As we can see, when the number of byte grows, the recall get higher and higher, but the QPS drops obviously.

Experiments with faiss

We do experiments on SIFT1M, VGG1M and VGG10M to compare the recalls with faiss. We use some algorithm implemented with faiss and we use Vearch to represent our algorithm.

Models

Here we show the parameters we set for used models. When the parameters in the table are empty, there are no corresponding parameters in the models. And the parameters of links, efSearch and efConstruction are defined in faiss of hnsw.

model ncentroids nprobe bytes of SIFT bytes of VGG links efSearch efConstruction
pq |   32 64      
ivfpq |256 20 32 64      
imipq 2^(2*10) 2048 32 64      
opq+pq     32 64      
hnsw         32 64 40
ivfhnsw 256 20     32 64 40
Vearch 256 20 32 64      

Result

recalls of SIFT1M:

model recall@1 recall@10 recall@100
pq 0.6274 0.9829 0.9999
ivfpq 0.6167 0.9797 0.9960
imipq 0.6595 0.9775 0.9841
opq+pq 0.6250 0.9821 1.0000
hnsw 0.9792 0.9867 0.9867
ivfhnsw 0.9888 0.9961 0.9961
Vearch 0.8649 0.9721 0.9722

recalls of VGG1M :

model recall@1 recall@10 recall@100
pq 0.5079 0.8922 0.9930
ivfpq 0.4985 0.8792 0.9704
imipq 0.5077 0.8618 0.9248
opq+pq 0.5213 0.9105 0.9975
hnsw 0.9496 0.9550 0.9551
ivfhnsw 0.9690 0.9744 0.9745
Vearch 0.9536 0.9582 0.9585

recalls of VGG10M :

model recall@1 recall@10 recall@100
pq 0.5842 0.8980 0.9888
ivfpq 0.5913 0.8896 0.9748
imipq 0.5925 0.8878 0.9570
opq+pq 0.6126 0.9160 0.9944
hnsw 0.8877 0.9069 0.9074
ivfhnsw 0.9638 0.9839 0.9843
Vearch 0.9272 0.9464 0.9468

Cluster experiments

First, we do experiments by searching on cluster only with vgg features. Then, we experiment with the vgg features and filter the search using an integer field to compare the time consumed and QPS with the vgg features only.
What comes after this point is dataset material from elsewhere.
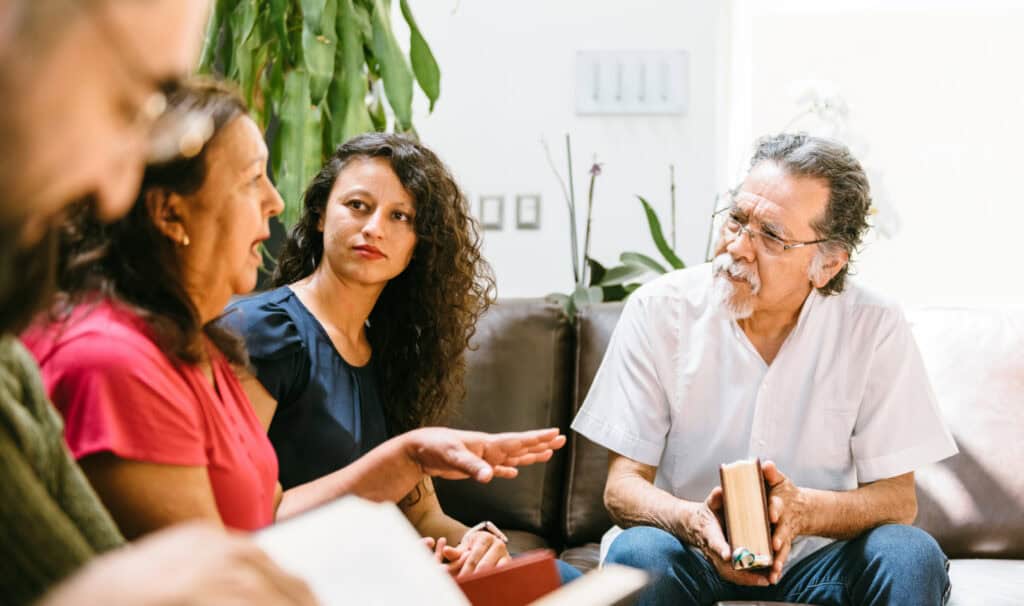 Adults of different ages gathered for a Bible discussion in a home, illustrating the ministry leadership developed in an MVNU Online Master of Ministry.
In the following section, we use searching with filter or without filter to specify the experiment method mentioned earlier. For different size of experiment data, we use different Vearch cluster. We use 3 masters, 3 routers and 5 partition services for VGG100M. For VGG500M, we use the same size of master and router with VGG100M but 24 partition services. We use 3 masters, 6 routers and 48 partition services to deal with the VGG1B.

Result

Architecture

The growth shape of QPS is more like inverted J-shaped curve which means the growth of QPS basically have no obvious change when average latency exceed one certain number.

Common Problem

  1. Vearch’s vector search engine gamma is based on faiss. Vearch may not compile successfully when the version of faiss is greatly changed and incompatible with the historical version.